Nemesis' Rage


When the planet Nemesis, an antibaric and betaneutral planet, entered the solar system in the midlate-18th century from interstellar space - thrown against the current by some unknown force - all eyes set upon the splendid cosmic play (as was thought at the time) it took part in. Slowing down, it swabed closer to the Sun with improbable accuracy, and broke up as its gravital forces and those of the Sun came head-to-head. Most of the beta-neutral matter present on the planet was freed, and flew with utmost haste away from Sol, while the rest - antibarides and mixtures of antibarides and betaneutrids - settled in a short, though elliptical orbit around the Sun.
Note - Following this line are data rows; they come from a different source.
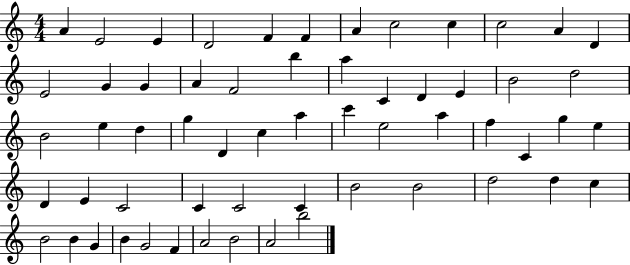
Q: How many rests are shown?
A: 0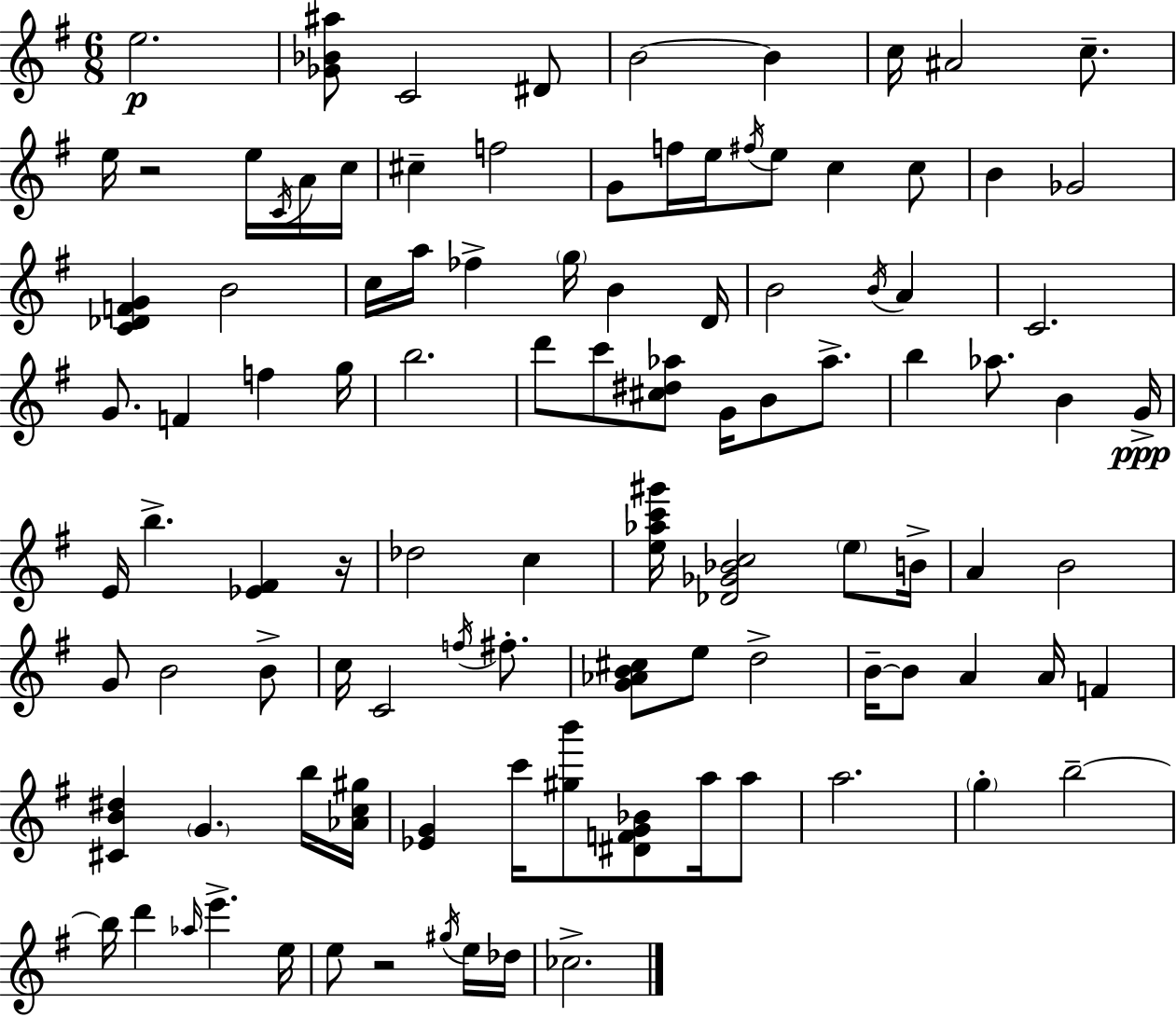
E5/h. [Gb4,Bb4,A#5]/e C4/h D#4/e B4/h B4/q C5/s A#4/h C5/e. E5/s R/h E5/s C4/s A4/s C5/s C#5/q F5/h G4/e F5/s E5/s F#5/s E5/e C5/q C5/e B4/q Gb4/h [C4,Db4,F4,G4]/q B4/h C5/s A5/s FES5/q G5/s B4/q D4/s B4/h B4/s A4/q C4/h. G4/e. F4/q F5/q G5/s B5/h. D6/e C6/e [C#5,D#5,Ab5]/e G4/s B4/e Ab5/e. B5/q Ab5/e. B4/q G4/s E4/s B5/q. [Eb4,F#4]/q R/s Db5/h C5/q [E5,Ab5,C6,G#6]/s [Db4,Gb4,Bb4,C5]/h E5/e B4/s A4/q B4/h G4/e B4/h B4/e C5/s C4/h F5/s F#5/e. [G4,Ab4,B4,C#5]/e E5/e D5/h B4/s B4/e A4/q A4/s F4/q [C#4,B4,D#5]/q G4/q. B5/s [Ab4,C5,G#5]/s [Eb4,G4]/q C6/s [G#5,B6]/e [D#4,F4,G4,Bb4]/e A5/s A5/e A5/h. G5/q B5/h B5/s D6/q Ab5/s E6/q. E5/s E5/e R/h G#5/s E5/s Db5/s CES5/h.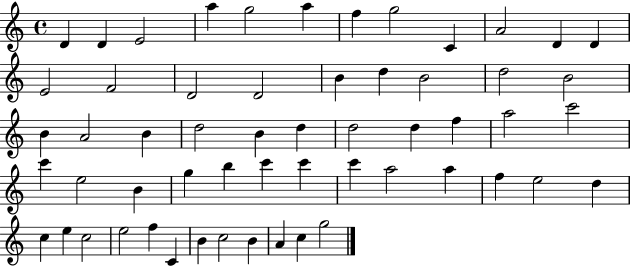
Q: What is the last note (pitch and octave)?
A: G5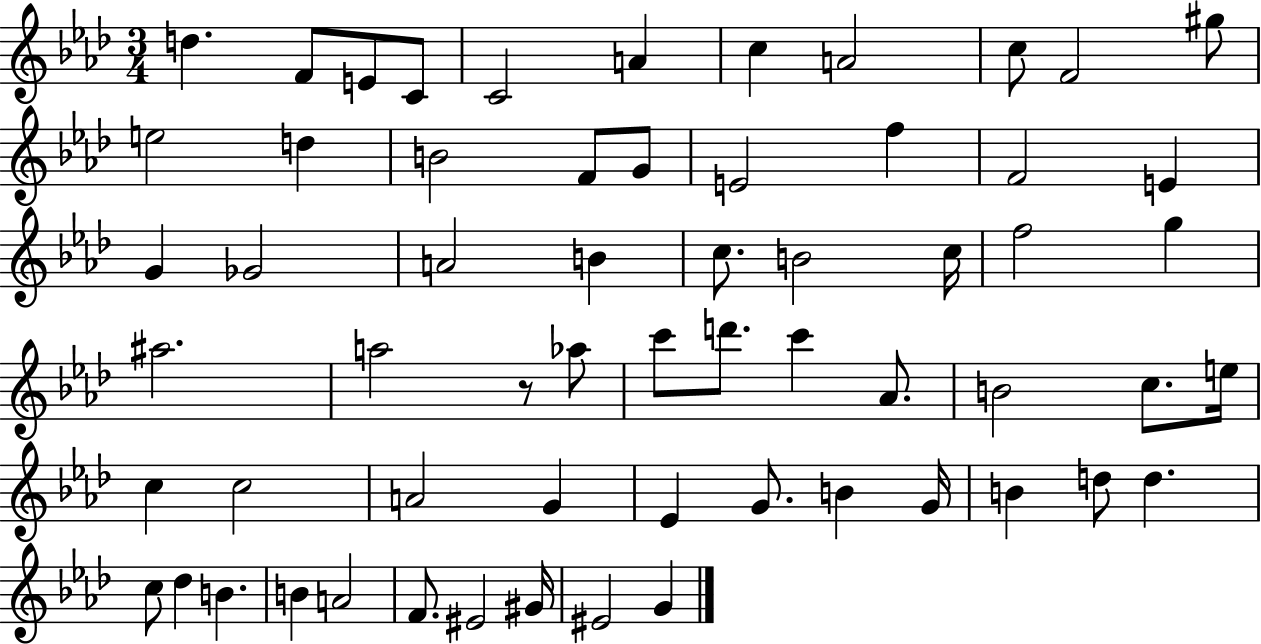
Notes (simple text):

D5/q. F4/e E4/e C4/e C4/h A4/q C5/q A4/h C5/e F4/h G#5/e E5/h D5/q B4/h F4/e G4/e E4/h F5/q F4/h E4/q G4/q Gb4/h A4/h B4/q C5/e. B4/h C5/s F5/h G5/q A#5/h. A5/h R/e Ab5/e C6/e D6/e. C6/q Ab4/e. B4/h C5/e. E5/s C5/q C5/h A4/h G4/q Eb4/q G4/e. B4/q G4/s B4/q D5/e D5/q. C5/e Db5/q B4/q. B4/q A4/h F4/e. EIS4/h G#4/s EIS4/h G4/q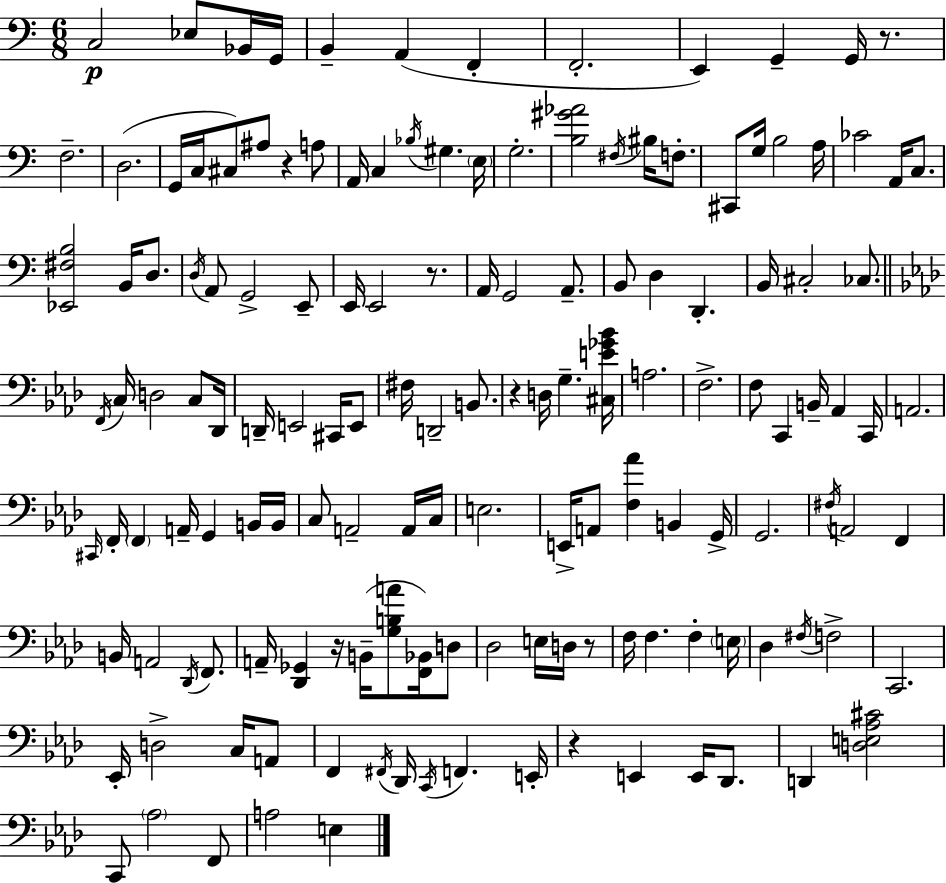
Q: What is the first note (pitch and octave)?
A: C3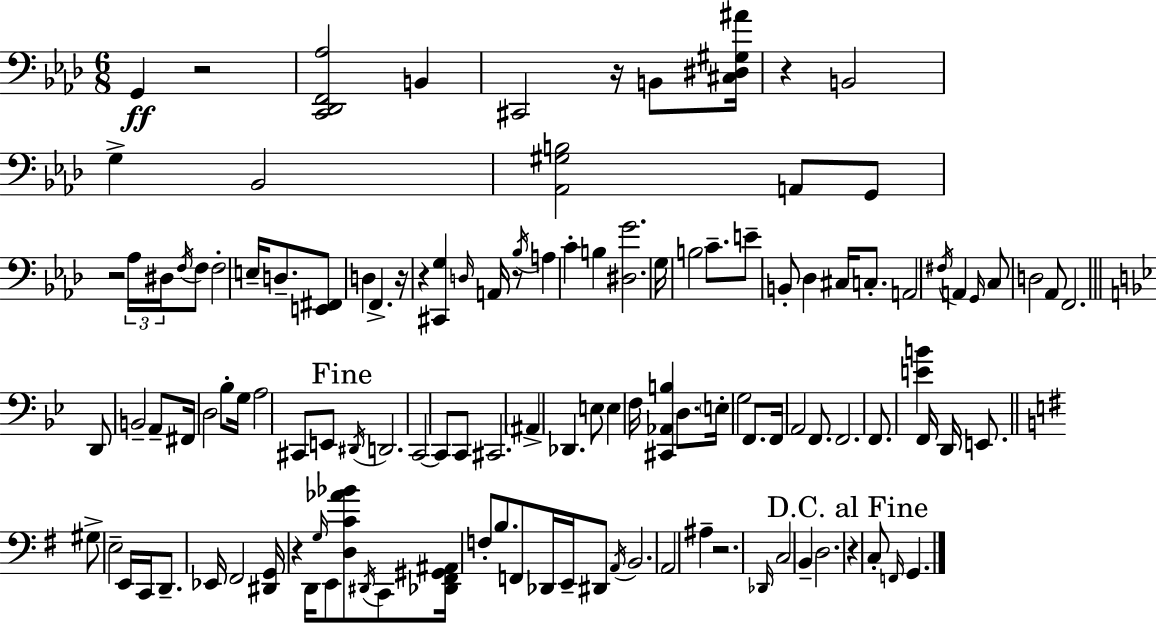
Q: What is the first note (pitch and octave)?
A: G2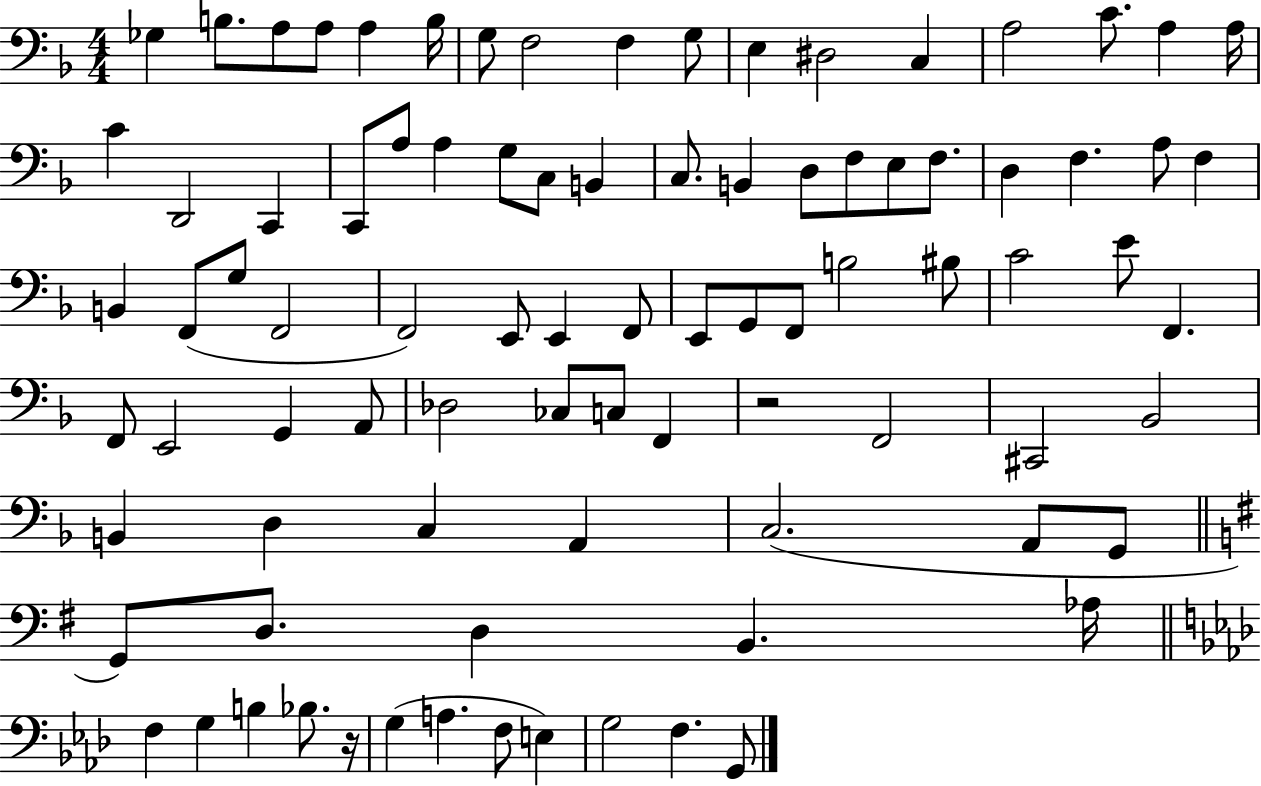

This orbit intersects that of our own, twice a year; and twice a year, four months apart in the summer and winter, there is the possibility of experiencing the result of the sundering of a god, the tears of pain she shed in the embrace of Apollo. The meteor-bombardments of the Rage have caused untold disaster and death, and yet it has given us our greatest opportunities and most precious resources.

The first years of the Rage were filled with the burning smell of cities and the sound of pox-marks forming on the face of the Moon and Earth. The age was cursed - like the city of St. Petersburg, that broken pearl of the Baltic, crushed in 1777, 1823 and of late in 1855 - and the wail of humanity could be heard beneath the rumblings of the tidal waves and volcanic eruptions, and the choking silence of the earthen clouds bringing the Dust Winter.

But this passed, and, as we are here to demonstrate, Man survived the ordeal. The orbit of the debris of the Tail slowly spread around and became sparser, with long empty expanses, which meant that the semiannual rain of fire lessened in its intensity. When the amount of matter reaching Earth lessened, and the size of the objects that did crash down became smaller, the human being learned to predict and be ready for this phenomenon.

The Phenomenon

There is also another reason why the first bombardments were so serious. As Nemesis had only recently entered the Solar System, not all of the beta-neutral matter found in it had yet broken loose. Because the Earth actually attracts beta-neutrides (like it does alpha-neutrides), it was obvious that it would also attract beta-neutral meteors. Unlike their antibaric brethren, the beta-neutrals did not gently thump to the ground, and their masses were also considerable at the time. 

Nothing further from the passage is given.